* RECORD EXTRACTS:
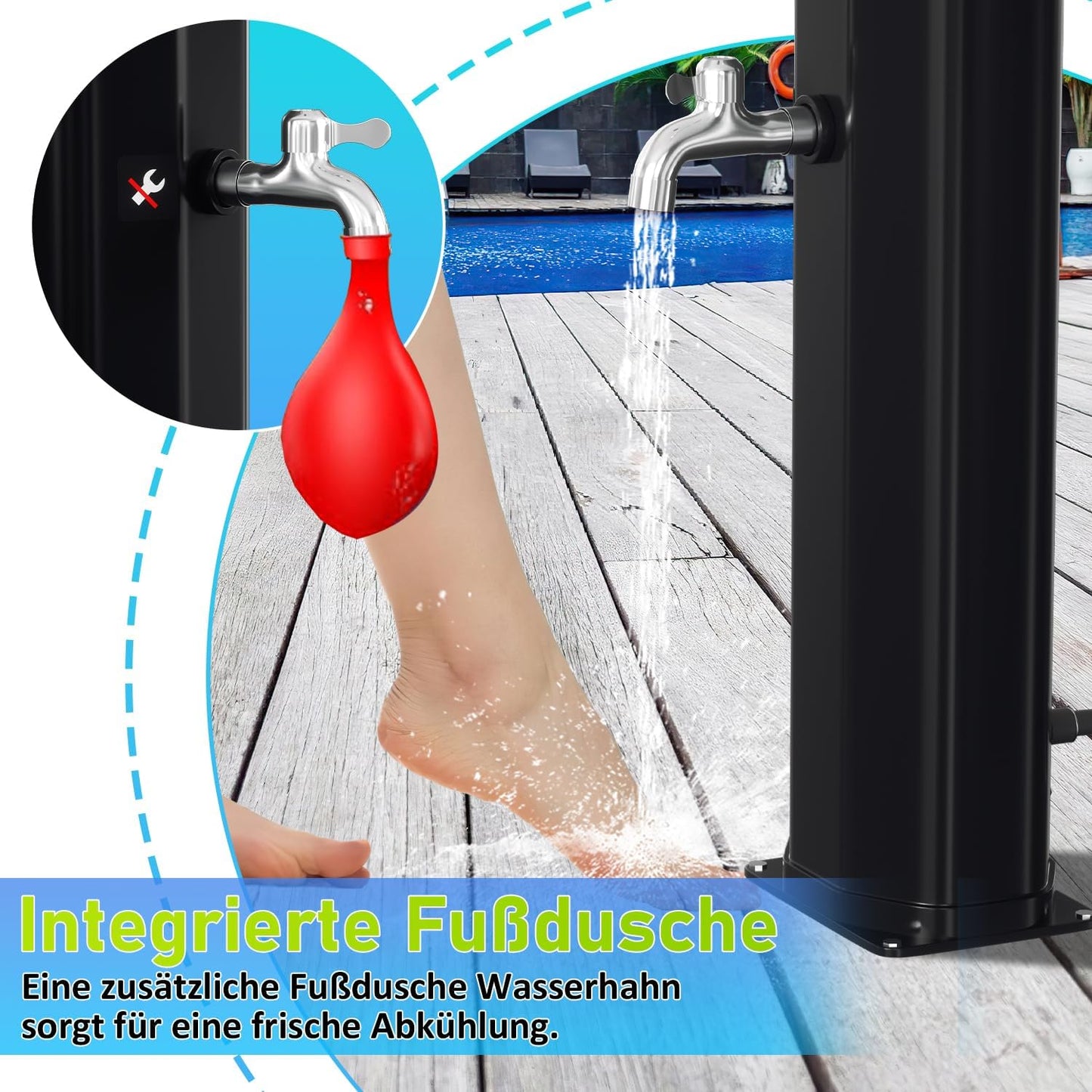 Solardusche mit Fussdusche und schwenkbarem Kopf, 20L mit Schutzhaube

---

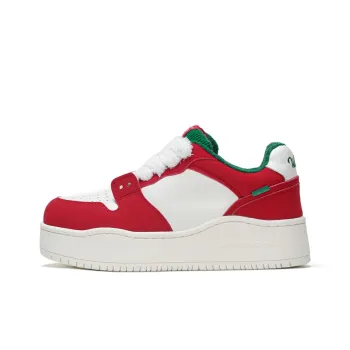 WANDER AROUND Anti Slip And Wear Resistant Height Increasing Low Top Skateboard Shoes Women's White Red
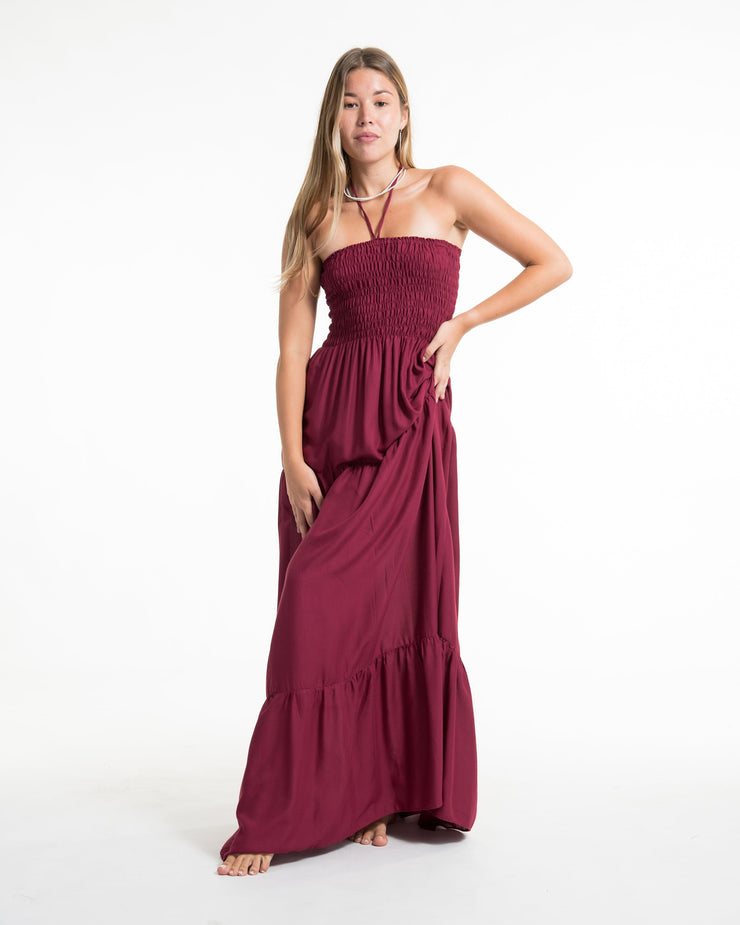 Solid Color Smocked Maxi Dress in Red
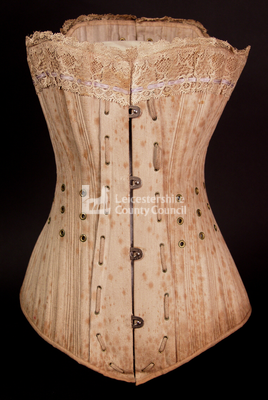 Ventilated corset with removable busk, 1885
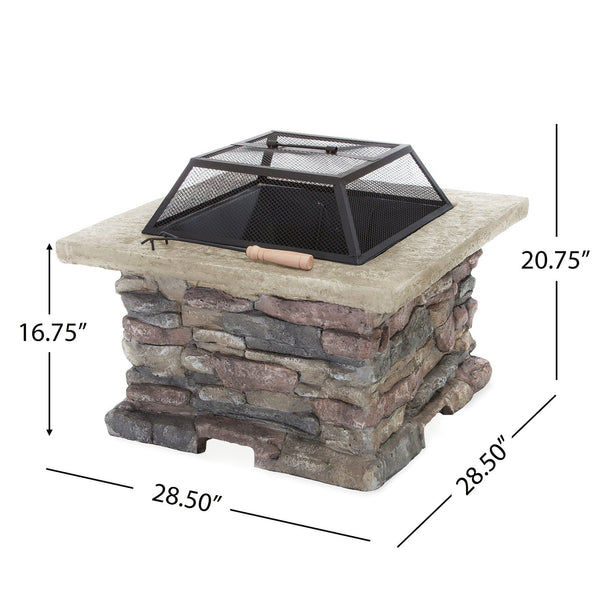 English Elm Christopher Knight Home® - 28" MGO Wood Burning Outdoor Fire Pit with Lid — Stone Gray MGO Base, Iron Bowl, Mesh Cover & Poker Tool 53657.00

==

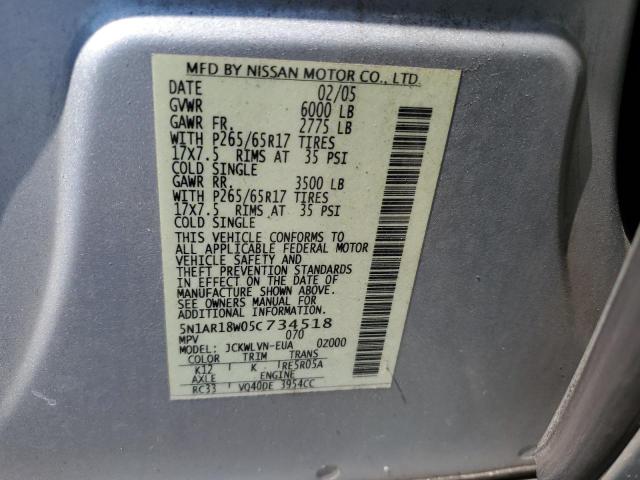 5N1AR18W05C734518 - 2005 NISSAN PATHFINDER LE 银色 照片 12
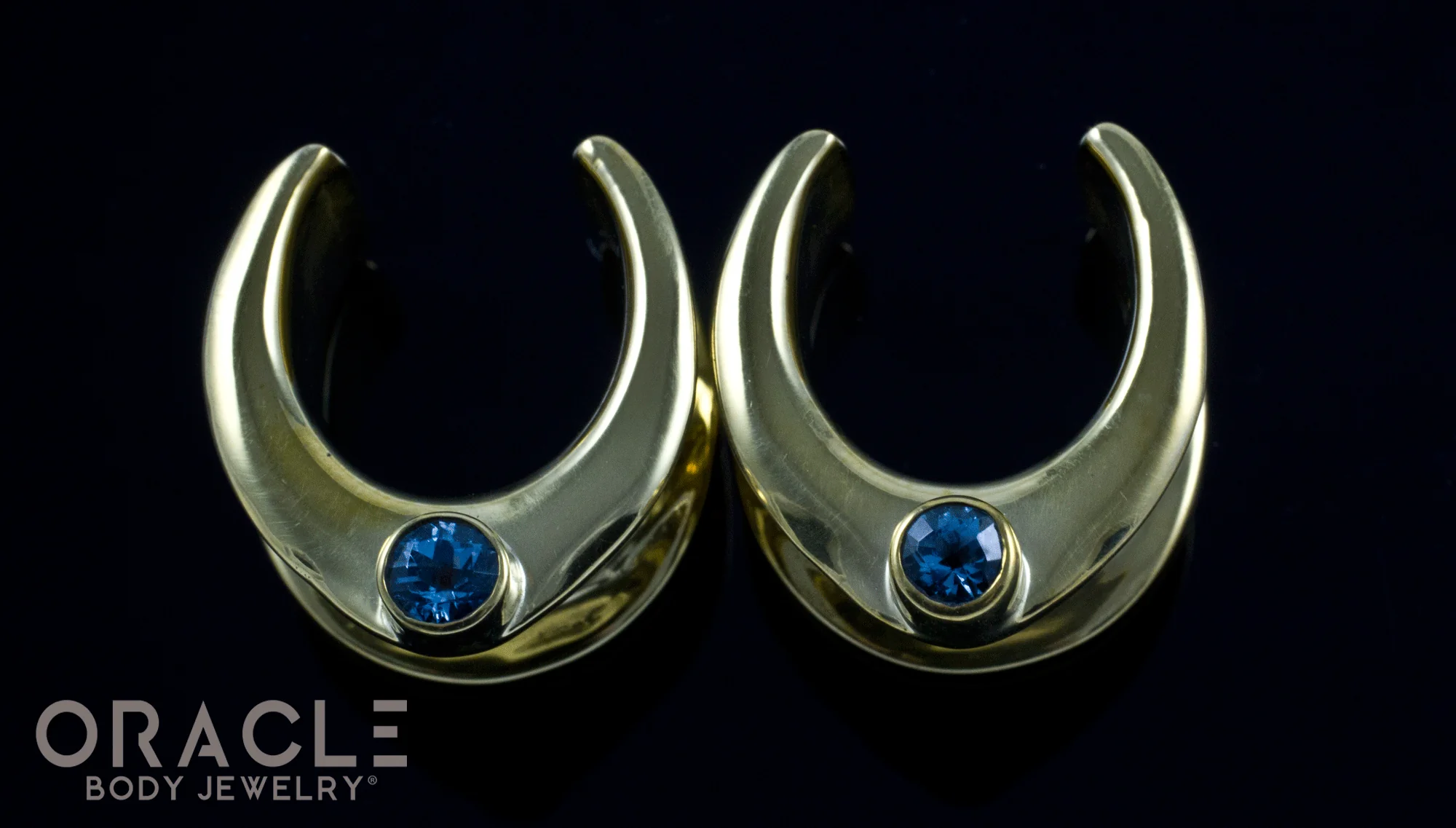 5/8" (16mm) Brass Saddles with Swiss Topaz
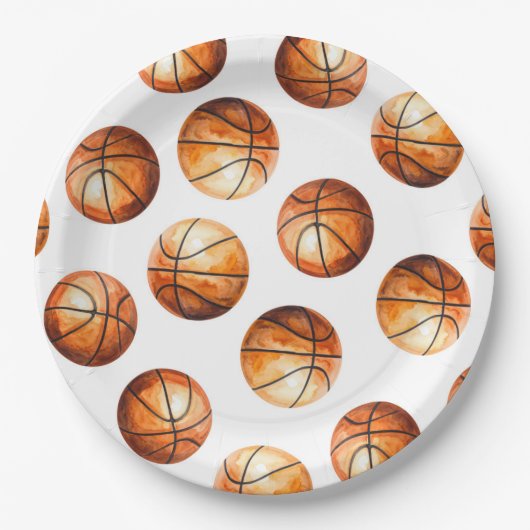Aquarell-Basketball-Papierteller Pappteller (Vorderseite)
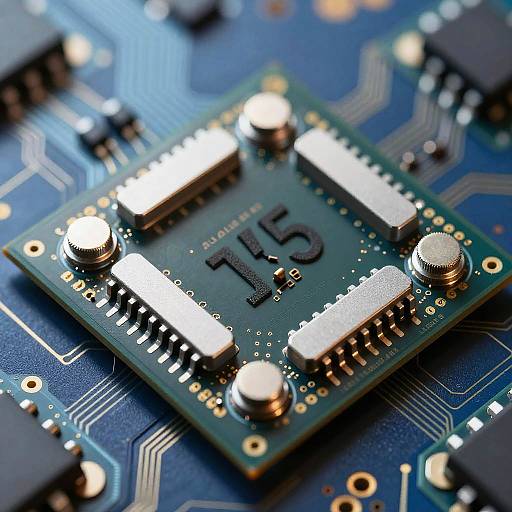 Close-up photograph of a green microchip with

* TASK INSTRUCTIONS: Retype the lines above exactly as they appear, from the line containing "with Swiss Topaz" through the line containing "Close-up photograph of", and leave out any pictures.

* OUTPUT BELOW:
 5/8" (16mm) Brass Saddles with Swiss Topaz
Aquarell-Basketball-Papierteller Pappteller (Vorderseite)
 Close-up photograph of a green microchip with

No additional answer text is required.